Monday, February 14, 2022

4. The Bitter Tea by Gavin Black

There is a great institution in Berkeley called Urban Ore.  It's a giant warehouse that accepts almost anything used and then sells it.  Basically a recycling store, but they do a really good job of curating.  This is where you go if you are looking to renovate a house and do it with nicely built used things.  They also have a pretty large and good book section.  I didn't find any major prizes, but did come up with several semi-obscure mid-20th century British thriller and crime books, including this cool Fontana.  Turns out it is part of a 13-book series starring mildly adventurous Singapore businessman David Harris.

This book starts out with him at a fancy party high in the hills above Singapore when a visiting Chinese dignitary pays a surprise visit via helicopter.  When this guy attracts the woman Harris was talking to, he goes for a little walk in the jungle on the edge of the property.  He happens to be there when shots ring out and then notices a rifle-carrying figure, a figure that he recognizes, fleeing down the hillside.  Stuck in the wrong place and not wanting to get shot by trigger-happy soldiers nor to get interrogated, he effects a sloppy escape, wrecking a car but managing to make his way back to his hotel room without being spotted.  Once at least physically out of this mess, we learn more about Harris's business ventures including the shipping company of which he may lose control when one of the board members dies.

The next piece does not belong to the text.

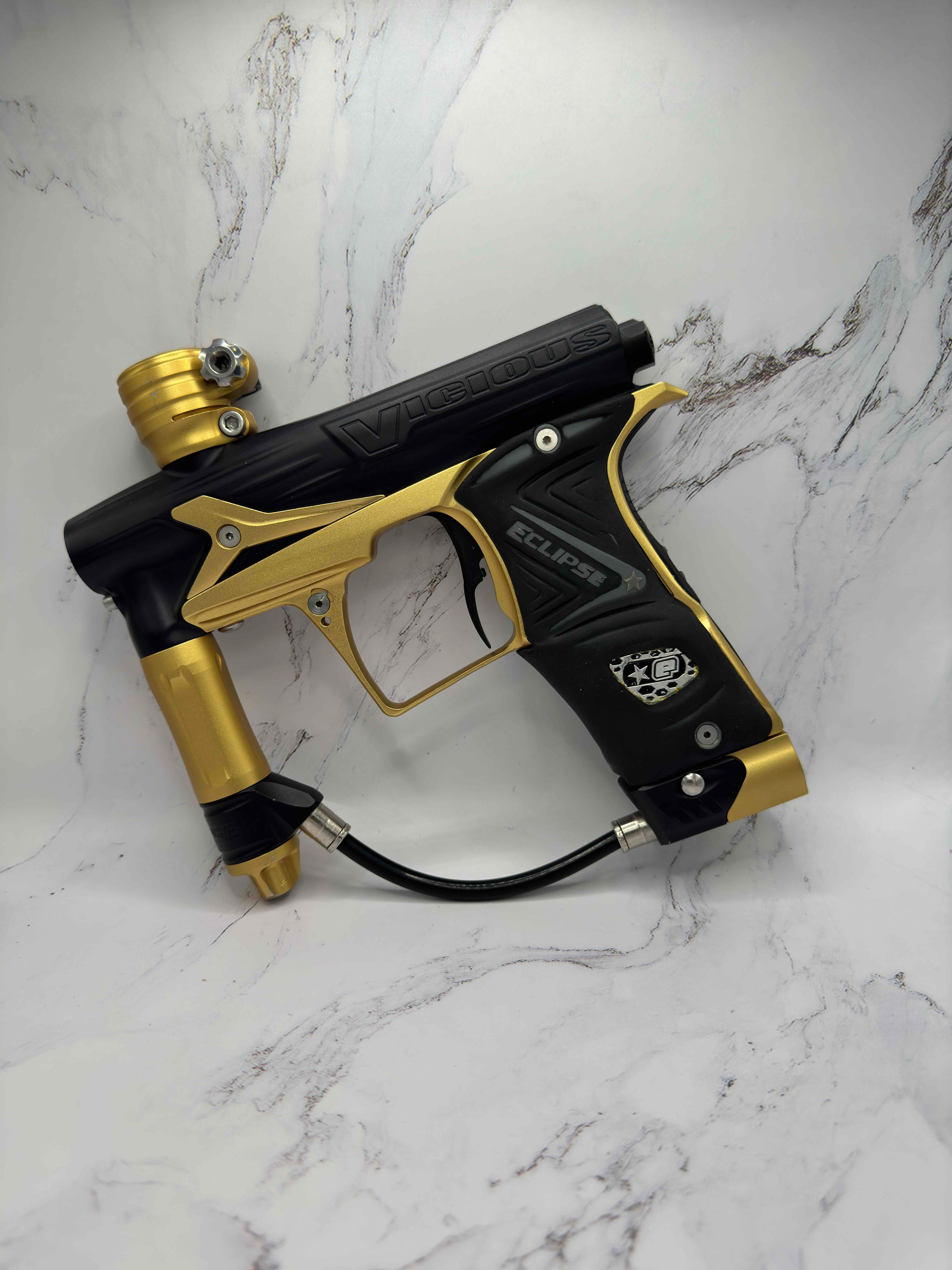 Vicious Geo 3 | Paintball Vault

It's a nice mix of traditional espionage in the Asian theatre with some business intrigue.  The emphasis ends up being on the former and it was made interesting by the milieu (it motivated me to read up on Singapore) and the novel situation they generate.  There is some action, but Harris does his work by being shrewd and avoiding trouble. So we get a neat escape from a hospital, a slippery stair trap and a nice fight in the dark that ends with a heavy table being flipped on the adversary.